KDE architecture diagram

Sebastian Kügler sebas at kde.org
Fri Jun 8 13:24:36 UTC 2012


On Friday, June 08, 2012 12:35:46 Martin Klapetek wrote:
> On Fri, Jun 8, 2012 at 12:01 PM, Sebastian Kügler <sebas at kde.org> wrote:
> > Food for thought: How many Linux kernel developers do you know that try to
> > divide the Linux kernel in subprojects for servers, desktops, embedded
> > systems? Here, just like in Plasma, there are a few codepathes that differ
> > per
> > device, but the majority of the code is shared. The differences come from
> > how
> > you configure it for a given target device. That is conceptually the same
> > as
> > with Plasma we're building a system that you can configure for a wide
> > range of
> > target devices.
> 
> While I share your idea of Plasma Workspaces, I would imagine that
> different parts of the kernel are maintained/developed by different people.
> Sure, the core is the same, but the platform-specific stuff needs to be
> different (if only a little). So one needs to see the difference between
> core and the "workspace" in our Plasma case. In other words - if you add
> method to the core and make use of it in Active, it doesn't magically
> happen on desktop too. 

Some examples, to prove you're wrong in most cases:

- Plasmoids: can be used without any change on the desktop
- Functionality added in existing plasmoids (see above)
- bugfixes/performance improvements in libplasma: directly benefit all 
  "products" based on libplasma
- all the work happening on dataengines, scriptengines, bindings, scripting, 
  window manager integration -- all device agnostic
- QML Ports of existing functionality: Makes it even more device-agnostic
- Device specific plasmoids: Kickoff and taskbar for Plasma Desktop, Activity 
	switcher for Desktop and Active); for these, you're right, those are only a 
  handful, though, and should hardly be the base for a general statement

> Which I think might be on of the problems - seeing
> the Plasma team focusing on Active, bringing new features there while the
> desktop is...well, it's the same for the past 3 years. 

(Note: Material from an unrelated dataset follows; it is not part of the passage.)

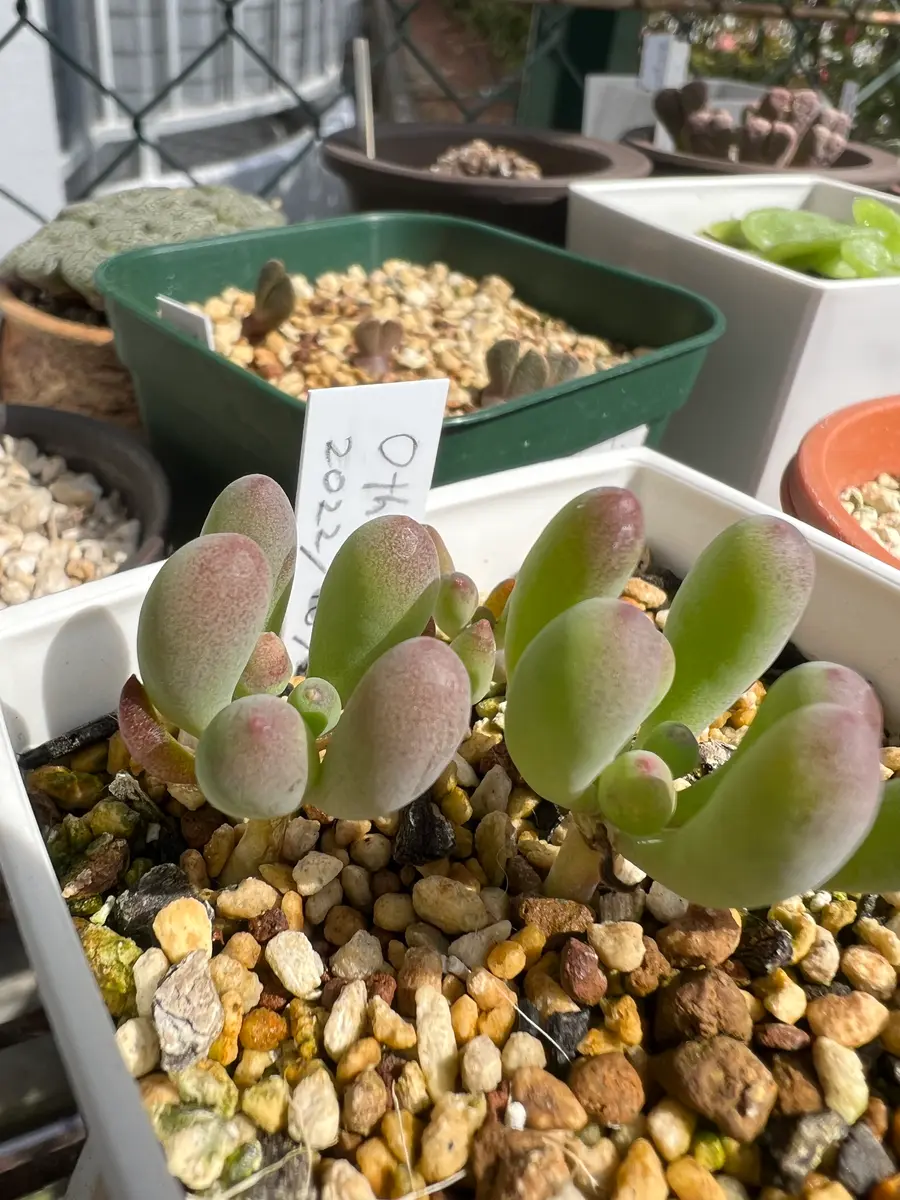 p-o-clavifolia_1-247x296.jpg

I don't think that's accurate. Actually, for the sake of an experiment: Take 
Plasma Desktop from KDE SC 4.3 and compare it to 4.9 (you'll get pretty much 3 
years of development).

One fact is that desktop users are rather adverse to change, so we have to be 
very conservative with user-visible changes. So yes, panel's still at the 
bottom, we still have taskbar, startmenu, system tray, etc. 
I don't think that is really related to this discussion (but can easily be 
confused with it).

> And just look at
> Facebook - they change stuff every 2 years or so. Now I'm not saying let's
> forget what we have and start over. Not at all. But we're quite stagnating.

I don't see how that's comparable, applicable, or even a good idea. Change 
should be driven by necessity, not by "well, it's been 2 years already...". 
That just gets us into trouble.

> And that's in my opinion, where we need the vision. Aaron's vision is
> great, but to me it sounds more like a general textbook "workspace vision".
> I personally think we need a more precise vision (we already do have
> organic uis, don't we?). For example - what's our vision for integrating
> social media in the shell/Plasma? What's our vision for integrating IM? And
> so on. Sure, there are teams doing these tasks, but we should imho have a
> common vision, or goal if you wish, clearly defined by the Workspace
> leaders. Those teams 

if those are separate teams, you'll get inconsistent results. They all need to 
be driven by the same vision. Otherwise, results will differ across devices, 
and it will make duplication of work easier (we want neither).

> then lookup to that vision and build stuff to reach
> it. To reach one great Workspace. Just like for Active - you have a vision
> of creating a touch-based interfaces (very simply speaking), so basically
> there's a vision of how you'd like Okular to behave in such environment.

Touch-based is not part of the vision, and never has been. It's an implication 
detail and we need to make things touch-friendly because otherwise their 
applicability is limited to only a part of the device spectrum. Note that we 
built widgets with touch-friendliness in mind years before "Active" was born.

> And I would like to have this precise vision for the rest of the Workspace,
> not just "to have scalable interfaces".

"scalable" comes closer to our vision, but in the end, it also derives from 
the device spectrum concept.

> Each and every team can do their own vision. But then there will be
> inconsistencies, different functionality etc. Just look at System Settings
> - common place for so many apps and yet each module looks different. And it
> looks bad in the final result. So I think there should be some well
> understood "lead", a way the Workspace should go. Which currently there's
> not. Or it's not well known.

You're making the right point here. We need supervision across subgroups, 
ideally, we'll work as one big team.

Understanding that is really at the heart of everything we do.